With the Eurozone crisis, which new geographies are students finding jobs in?
We have such a tremendous diversity of profiles and students coming from more than 80 countries and alumni working in more than a 100 countries. They are going everywhere. This year, I just came back from a recruiting conference in Hong Kong and there’s a lot of talk about opportunities in Philippines. In the recent past, we’ve had more than an average number of opportunities in Nigeria. We are approached by a lot of recruiters because they know of the tremendous international profiles here. I could literally name maybe 50 different countries where our students are going. We do have quite a lot of geographic mobility amongst our students. They don’t necessarily go back to their own countries.
Apart from virtual recruitment, how else is the job search process after MBA changing?
I would say that one of the biggest trends around recruiting is around LinkedIn. There’s a statistic that 80% of employers will look at your LinkedIn profile before they call you for an interview.

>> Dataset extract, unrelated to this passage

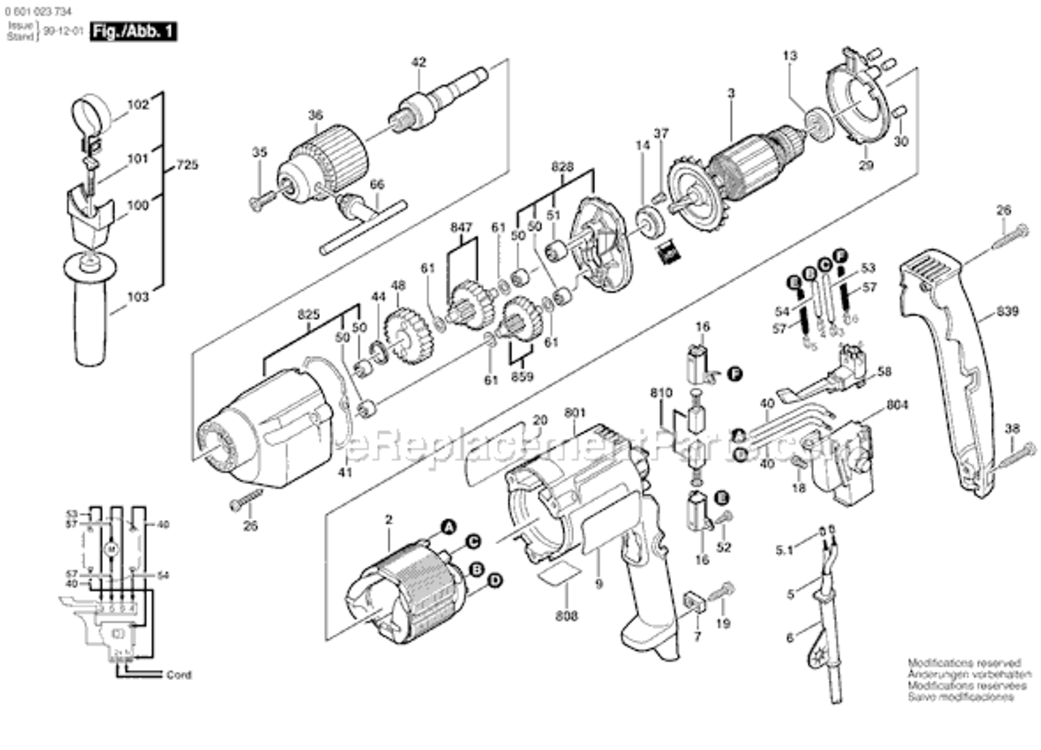 Page A Diagram and Parts List for B6280 0601023735 Bosch Electric Drill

So one of the things we have students do that at the very top of their CVs, in addition to their contact information and email address, we have them put their public URL of their LinkedIn profile. There is an active Career Services professionals group on LinkedIn so we are abreast of what’s going on there. There’s a new, powerful tool called LinkedIn.com/alumni. This is for seeing more activity there and more powerful search filters for students to identify IE alumni that could help them open doors to certain companies.